Read this, for example:

<http://www.nytimes.com/2010/10/09/business/09nocera.html>

------
mindblink
I do think that the best engineering ethos that I admire is that engineers are
not just motivated by a payday but to build something useful for everyone. HP
at its best time represented that. I do like that his quote at the end:

"Companies should not merely be thought of as money generating machines.
Business can represent human society at its best. A business is a group of
people working together to deliver value to the world and improve people’s
lives. When done ethically, business quite literally changes the world for the
better.
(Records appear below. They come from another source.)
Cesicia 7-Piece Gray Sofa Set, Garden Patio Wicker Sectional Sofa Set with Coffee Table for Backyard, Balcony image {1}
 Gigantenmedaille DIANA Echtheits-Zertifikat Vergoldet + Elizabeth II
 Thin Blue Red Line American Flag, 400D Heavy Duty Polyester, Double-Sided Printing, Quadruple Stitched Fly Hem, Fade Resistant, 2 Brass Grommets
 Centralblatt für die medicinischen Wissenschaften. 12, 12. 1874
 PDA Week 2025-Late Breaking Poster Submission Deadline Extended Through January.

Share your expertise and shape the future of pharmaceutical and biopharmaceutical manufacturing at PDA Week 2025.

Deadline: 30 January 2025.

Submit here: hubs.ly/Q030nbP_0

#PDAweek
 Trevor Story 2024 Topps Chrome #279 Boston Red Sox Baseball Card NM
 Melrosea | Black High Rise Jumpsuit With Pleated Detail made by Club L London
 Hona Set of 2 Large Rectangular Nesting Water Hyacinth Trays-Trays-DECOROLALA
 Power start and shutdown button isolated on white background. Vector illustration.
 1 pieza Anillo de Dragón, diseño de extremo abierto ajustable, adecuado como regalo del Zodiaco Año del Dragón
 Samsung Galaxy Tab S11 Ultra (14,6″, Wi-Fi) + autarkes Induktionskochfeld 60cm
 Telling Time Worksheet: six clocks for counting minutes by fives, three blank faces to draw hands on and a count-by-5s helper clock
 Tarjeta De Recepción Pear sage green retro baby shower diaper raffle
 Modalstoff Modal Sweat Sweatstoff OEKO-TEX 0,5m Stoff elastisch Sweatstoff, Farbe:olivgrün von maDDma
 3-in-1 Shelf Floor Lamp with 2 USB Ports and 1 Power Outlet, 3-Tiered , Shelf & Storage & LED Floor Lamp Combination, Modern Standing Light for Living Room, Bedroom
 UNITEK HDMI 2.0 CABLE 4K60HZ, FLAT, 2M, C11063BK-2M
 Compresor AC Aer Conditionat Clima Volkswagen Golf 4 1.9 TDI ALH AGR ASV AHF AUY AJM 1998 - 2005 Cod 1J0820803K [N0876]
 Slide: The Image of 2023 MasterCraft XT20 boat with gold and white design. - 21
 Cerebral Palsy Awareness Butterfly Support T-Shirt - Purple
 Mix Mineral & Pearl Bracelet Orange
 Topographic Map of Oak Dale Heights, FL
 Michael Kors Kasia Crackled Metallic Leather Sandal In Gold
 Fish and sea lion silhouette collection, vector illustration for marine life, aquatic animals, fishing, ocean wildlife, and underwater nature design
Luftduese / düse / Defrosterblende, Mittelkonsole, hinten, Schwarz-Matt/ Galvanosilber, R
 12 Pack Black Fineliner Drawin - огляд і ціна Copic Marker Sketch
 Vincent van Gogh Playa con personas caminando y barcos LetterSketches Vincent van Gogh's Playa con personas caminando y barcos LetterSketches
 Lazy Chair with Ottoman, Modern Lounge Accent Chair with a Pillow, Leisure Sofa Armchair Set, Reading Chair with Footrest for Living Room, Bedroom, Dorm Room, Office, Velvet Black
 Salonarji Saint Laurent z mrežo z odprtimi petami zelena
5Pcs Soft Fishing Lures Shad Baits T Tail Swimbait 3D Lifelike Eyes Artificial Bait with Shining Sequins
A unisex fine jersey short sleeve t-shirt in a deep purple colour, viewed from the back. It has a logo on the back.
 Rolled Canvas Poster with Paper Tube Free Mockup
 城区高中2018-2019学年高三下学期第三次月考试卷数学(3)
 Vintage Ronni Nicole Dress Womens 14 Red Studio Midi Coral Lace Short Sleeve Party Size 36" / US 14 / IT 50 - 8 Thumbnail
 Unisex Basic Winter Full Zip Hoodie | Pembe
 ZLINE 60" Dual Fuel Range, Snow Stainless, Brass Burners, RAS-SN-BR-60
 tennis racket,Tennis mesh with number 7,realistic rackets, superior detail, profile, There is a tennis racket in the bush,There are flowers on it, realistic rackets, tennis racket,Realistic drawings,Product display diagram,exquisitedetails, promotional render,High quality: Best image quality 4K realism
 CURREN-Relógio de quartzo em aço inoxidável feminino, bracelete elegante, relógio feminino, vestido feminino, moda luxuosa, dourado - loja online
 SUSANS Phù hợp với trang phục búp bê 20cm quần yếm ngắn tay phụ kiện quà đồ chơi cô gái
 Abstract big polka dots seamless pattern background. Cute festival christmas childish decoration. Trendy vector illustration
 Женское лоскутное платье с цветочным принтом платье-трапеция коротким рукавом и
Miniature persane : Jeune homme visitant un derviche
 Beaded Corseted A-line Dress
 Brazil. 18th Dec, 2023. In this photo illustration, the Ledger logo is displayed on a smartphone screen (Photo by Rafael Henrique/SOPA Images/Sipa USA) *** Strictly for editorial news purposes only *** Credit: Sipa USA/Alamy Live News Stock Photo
However, if the dark side of human motivation is not mitigated with
standards and ethics, business can destroy."

------
VladRussian
HP invents. Priceless:

"She was hired by Hewlett-Packard and paid up to $5,000 per meeting to meet
with Fortune 50 CEOs. ... This was the Hewlett-Packard Corporation paying a
softcore porn movie star with no relevant work experience more than it pays
Harvard graduates with 20 years of industry experience. "

Different job descriptions - different pay.

------
jamespitts
This article altered my perspective of what happened at HP. Firing Hurd, who
IMHO was a great CEO up until his lapse in judgement, was costly and did take
a lot of courage. I am now inclined to agree with the decision of HP's Board.